- 1 March 2013 to 8 September 2013
In May 1912, the entrant 29 won the Federal Capital City Design Competition. This was of course Walter Burley Griffin, you’ve probably heard of him.
Design 29: Creating a Capital has collected a whole bunch of maps, paintings, and documents from the famous competition, including some pieces that have apparently not been displayed since the original exhibition of the winners.
From the website:
For the first time in 10 years, original and rarely seen designs and documents from the 1911–12 Federal Capital Design Competition are on show at the National Archives of Australia in Canberra.
Through augmented reality technology explore real places and events – then and now. Experience being immersed in these designs and in Canberra’s natural and built landscapes. Select a range of film, audio, photographic and documentary collections via innovative multimedia.
See Walter Burley Griffin and Marion Mahony Griffin’s winning original designs and original entries by the other three finalists. This is a rare opportunity to see Marion Mahony Griffin’s internationally acclaimed watercolour renderings and fine drawings up close.
Intriguing documents also reveal the people, politics, and controversy surrounding the design of the national capital up until 1920.
I was invited to explore the gallery this morning and while I did find the content of the gallery somewhat interesting, the real star of the show is how they’ve presented that content. It might be the tech-geek in me, but I was much more interested in getting my hands on their iPads and checking out the augmented reality software than I was in looking at the maps. It seems I wasn’t the only one excited about the technology. The Director-General of the National Archives of Australia David Fricker welcomed the media with a small explanation about the collection, and then followed up with a rather enthusiastic speech about the high-tech experience they wanted us to have.
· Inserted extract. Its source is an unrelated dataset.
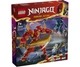 Конструктор LEGO NINJAGO Елементальний вогняний механізм Кая (71808) - изображение 1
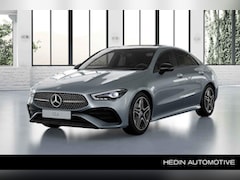 Mercedes-Benz CLA-Klasse - CLA 180 Coupé Automaat Star Edition AMG Line | Nightpakket | Panoramadak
While other reporters started to take photos and examine their audio recording devices, I made straight for the stack of iPads and started to play. I might have been too enthusiastic. A member of staff chased after me keen to explain how the software worked. While it was a nice gesture, she need not have bothered. It was all very straight forward.
I approached one of Griffin’s maps and held up the iPad. For a moment I simply saw the map on the wall while the software scanned the picture. A second later I was greeted with a small image of the map, along with several icons. One poke of my finger and I’m flipping through a letter from Griffin to the minister of home affairs, another couple of presses and I’m listening to a voice recording discussing the landscape of Canberra. I kept playing, finding a series of photos, some of Canberra, others of the Griffins working on their designs. I go back to the map and hit a new button, and I’m greeted by a satellite photo of the city. I moved my finger a long a slider causing the map to fade away, leaving only the outlines of Canberra’s roads and buildings. Taking a step back I looked through the iPad and aligned this outline of Canberra over the map infront of me, examining the differences and similarities between Griffin’s design and our present. I tapped on Parliament house and a photo of the building popped up. I kept pressing further and discovering more. I realised I had spent quite a lot of time standing in front of one map. I also realised I was having a lot of fun.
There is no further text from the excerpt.